David Douillet : «Les collectivités locales paient leurs équipements sportifs 20 à 30% trop cher»

david_douillet
Le 23/09/2015

Entretien avec David Douillet. Pour l’ancien champion olympique de judo et député Les Républicains des Yvelines, d'éventuels Jeux olympiques à Paris risquent d’être ruineux pour les contribuables s’ils ne sont pas gérés en bon père de famille…

Sport et argent public Enquêtes du contribuableCet entretien est extrait du numéro des Enquêtes du contribuable d’août/septembre 2015, «Sport et argent public : la France qui perd». En kiosque. Numéro disponible sur notre boutique en ligne.

Quelle est la somme annuelle investie par la sphère publique pour financer le sport français ?

La dépense globale pour les contribuables est estimée à 16 milliards d’euros par an (11 milliards pour les collectivités territoriales ; 5 milliards pour l’État), soit environ 80 milliards sur un quinquennat.

Ces dotations sont-elles dépensées efficacement ?

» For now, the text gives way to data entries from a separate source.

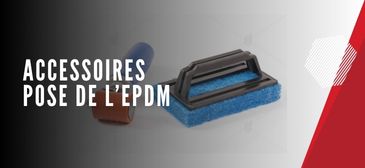 FAQ Accessoires pose de l’EPDM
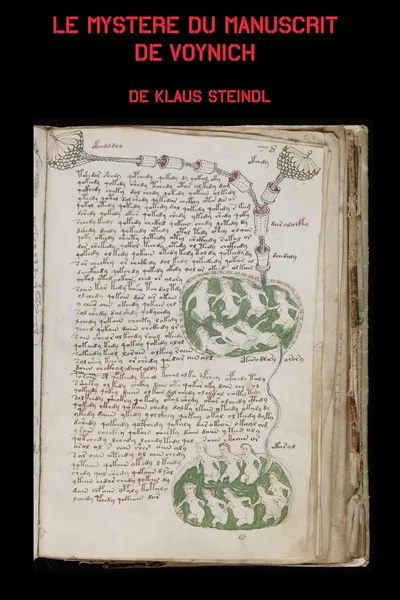 The Voynich Code: The World's Most Mysterious Manuscript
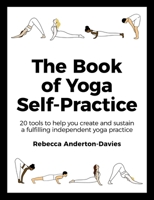 The Book of Yoga Self-Practice: Create and sustain a fulfilling independent yoga practice 152934946X Book Cover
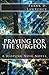 Praying for the Surgeon: A Biopunk Noir Novel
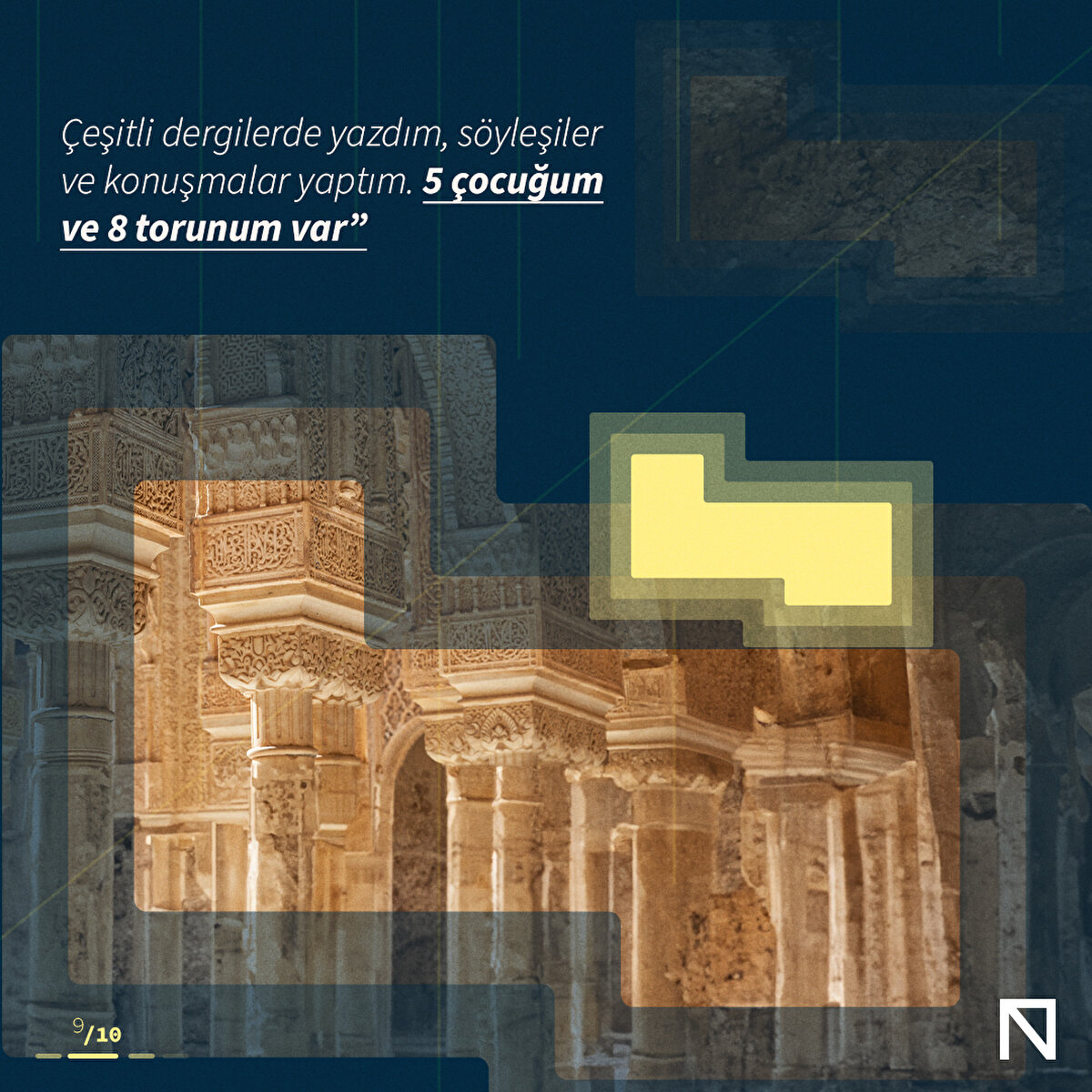 Çeşitli dergilerde yazdım, söyleşiler ve konuşmalar yaptım. 5 çocuğum ve 8 torunum var”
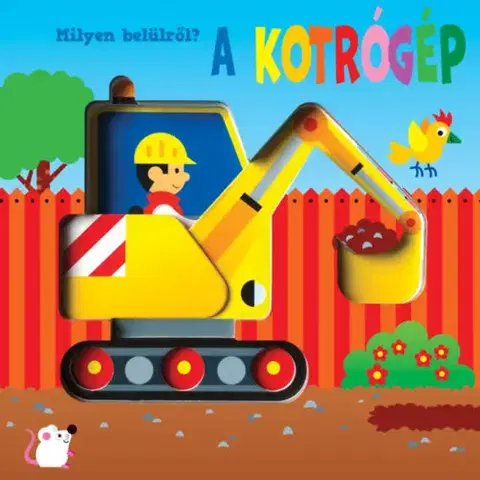 Leporelá, krabičky, puzzle knihy Milyen belülről - A kotrógép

Plus ou moins. Leur ventilation est quelquefois mauvaise et une bonne partie de cet argent est utilisée à des fins électoralistes. Lorsque j’étais ministre des Sports, j’ai demandé à mes services de réaliser un état des lieux chiffré. La France est un pays où tous les organismes (clubs, associations…) impliqués dans le sport estiment que le nombre de créneaux horaires mis à leur disposition est insuffisant. Cela signifie que le nombre d’infrastructures sportives est insuffisant : nous avions estimé qu’il manquait, sur l’ensemble du territoire français, plus de 30 000 équipements (piscines, gymnases…). Cette pénurie est néfaste pour les contribuables.

Pourquoi ?

Parce que différentes études de santé ont quantifié l’économie budgétaire que la pratique régulière d’un sport permet de réaliser. Elle est d’environ 300 euros par habitant et par an. Un Français sportif est un Français qui tombe moins souvent malade. Il passe moins de temps chez le médecin et dans les hôpitaux.

En investissant 13 des 25 milliards d’euros du seul budget de l’État sur un quinquennat pour construire de nouveaux équipements sportifs, on obtiendrait 80 milliards d’euros d’économies en termes de santé en retour sur le moyen terme.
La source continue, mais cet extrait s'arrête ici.